I smiled, nodded, and replied, “Yes.”

This is my standard answer when I’m asked a question for which I have no answer. Apparently this is how my mind works when I google my brain and come up with a 404 page not found error.

But later that day, I was able to give my acquaintance a much more useful answer to their question. And, if I could get a grasp of what dollar-cost averaging is during my lunch break, I am confident you can do the same before the end of this article.

Ready? Here we go!

How dollar-cost averaging works

Dollar-cost averaging (DCA for short) is a financial strategy where the total amount of money being invested is used to make multiple purchases of an asset at regular intervals over a set period of time, instead of making a one-time bulk purchase.

Super easy example: let’s say you have $12,000 dollars to invest in a calendar year. (Yes, I chose an amount of money easily divisible into 12 months. You would do the same if you were writing this article. Don’t judge.)

With a dollar-cost averaging strategy, you would use your $12,000 to purchase $1000 of an asset every month for twelve months.

Dollar-cost averaging may already be familiar to you if you’ve ever made regularly scheduled contributions to an employer’s retirement plan that leveraged mutual funds or a similar type of investment. DCA is actually a fairly commonplace investment strategy due to its simplicity and ease of implementation.

While it’s easy to understand what dollar-cost averaging is, it’s a little more complicated to figure out when and why you should use a DCA strategy.

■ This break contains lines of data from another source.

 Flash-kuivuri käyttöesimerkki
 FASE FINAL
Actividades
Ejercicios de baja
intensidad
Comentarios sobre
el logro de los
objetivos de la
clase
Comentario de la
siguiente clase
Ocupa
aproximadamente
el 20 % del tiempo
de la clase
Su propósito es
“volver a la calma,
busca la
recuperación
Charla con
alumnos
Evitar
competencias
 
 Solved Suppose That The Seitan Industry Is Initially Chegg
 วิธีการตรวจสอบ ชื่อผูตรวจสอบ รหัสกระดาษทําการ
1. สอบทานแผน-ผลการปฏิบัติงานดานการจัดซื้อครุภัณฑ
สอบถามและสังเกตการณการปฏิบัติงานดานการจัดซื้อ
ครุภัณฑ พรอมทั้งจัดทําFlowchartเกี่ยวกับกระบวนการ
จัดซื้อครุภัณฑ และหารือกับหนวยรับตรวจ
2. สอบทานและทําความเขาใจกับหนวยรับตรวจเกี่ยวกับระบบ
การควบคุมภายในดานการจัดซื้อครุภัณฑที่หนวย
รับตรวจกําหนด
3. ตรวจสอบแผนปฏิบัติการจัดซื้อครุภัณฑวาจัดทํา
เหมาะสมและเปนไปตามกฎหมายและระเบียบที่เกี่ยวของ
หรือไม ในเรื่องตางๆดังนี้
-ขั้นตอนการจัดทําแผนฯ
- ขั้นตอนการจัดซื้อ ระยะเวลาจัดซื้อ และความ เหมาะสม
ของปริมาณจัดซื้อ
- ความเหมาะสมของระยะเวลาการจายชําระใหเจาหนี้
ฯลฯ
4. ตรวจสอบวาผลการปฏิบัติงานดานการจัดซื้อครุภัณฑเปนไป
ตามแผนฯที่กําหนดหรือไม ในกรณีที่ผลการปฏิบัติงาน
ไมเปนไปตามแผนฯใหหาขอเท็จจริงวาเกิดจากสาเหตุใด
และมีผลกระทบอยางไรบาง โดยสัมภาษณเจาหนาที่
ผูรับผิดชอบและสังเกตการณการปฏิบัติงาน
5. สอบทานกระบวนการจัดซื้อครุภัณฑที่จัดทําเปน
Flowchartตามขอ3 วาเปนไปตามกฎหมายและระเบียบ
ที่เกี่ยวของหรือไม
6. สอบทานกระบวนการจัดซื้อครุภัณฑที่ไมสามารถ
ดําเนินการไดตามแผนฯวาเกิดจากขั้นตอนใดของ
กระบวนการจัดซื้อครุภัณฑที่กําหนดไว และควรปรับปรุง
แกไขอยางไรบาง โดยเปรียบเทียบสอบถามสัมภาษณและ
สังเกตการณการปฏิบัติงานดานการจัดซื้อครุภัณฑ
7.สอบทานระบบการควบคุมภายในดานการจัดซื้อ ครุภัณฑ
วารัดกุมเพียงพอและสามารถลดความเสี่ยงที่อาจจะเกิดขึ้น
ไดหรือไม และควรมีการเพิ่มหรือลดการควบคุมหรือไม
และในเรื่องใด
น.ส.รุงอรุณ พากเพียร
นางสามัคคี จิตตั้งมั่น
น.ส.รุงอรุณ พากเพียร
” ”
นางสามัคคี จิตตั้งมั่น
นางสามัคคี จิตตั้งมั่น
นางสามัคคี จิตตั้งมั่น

When should you use dollar-cost averaging?

There is a saying in investing circles: “No one can time the market.”

(Well, I suppose insider traders can time the market, but they often end up going to jail, so they are more of a cautionary tale than a good example.)

The point is, most financial investments come with a level of unpredictability, referred to as market volatility. Market volatility is the variation of an asset’s price as it fluctuates up and down over time. An asset that regularly sees large and frequent changes in its value has a higher market volatility than an asset that keeps a relatively constant value over time.

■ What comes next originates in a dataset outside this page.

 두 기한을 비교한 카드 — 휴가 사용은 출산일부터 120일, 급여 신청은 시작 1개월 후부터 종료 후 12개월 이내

Dollar-cost averaging’s key advantage is that it can mitigate market volatility over the long term. Purchasing the same amount of an asset on a consistent schedule—regardless of the asset’s price at the time of its purchase—has historically been comparably effective as trying to time the market with a “buy low, sell high” approach.

The key words here are, “over the long term.” Dollar-cost averaging is not considered to be an effective short-term strategy by most financial experts. To counter the overall volatility of the global economy, DCA investors should be in it for the long haul.

For dollar-cost averaging to be effective, you should be willing to stay the course through the typical market cycles—bull markets charging at bear markets, followed by outraged bears swatting the bulls on the nose and chasing them up the nearest tree…

(I know, it’s a strange metaphor. Honestly, if you ever believe you’ve seen a bear chasing a bull up a tree, you should probably make an appointment with your eye doctor.)

Short-term deviations in the economy can reduce the effectiveness of a DCA strategy. But, when dollar-cost averaging is used as a long-term strategy, it typically lessens the impact of market volatility while providing a simple process for investors to stay the course with.

Buying bitcoin with a DCA strategy

Bitcoin has a history of market volatility, which makes it an ideal subject for a dollar-cost averaging strategy. It’s kind of like having several small meals throughout the day rather than three huge meals. Split your annual investment budget into monthly sums, and purchase bitcoin on or around the same day every month.

This DCA strategy is the basis of Bitcoin Well’s Bitcoin Savings Plan for individuals and businesses. When you set up a Bitcoin Well BSP, you automatically get a dollar-cost averaging strategy built to get the most out of your bitcoin purchase. And if you are a business owner, you can set up a corporate BSP and offer it to your employees as a unique benefit and sweet recruitment perk.


Dollar-cost averaging is a handy long-term investment strategy that helps mitigate the risks associated with an asset’s market volatility. DCA is easy to implement and maintain, making it a great option for people who aren’t able (or don’t want to) constantly ride herd on their vested interests.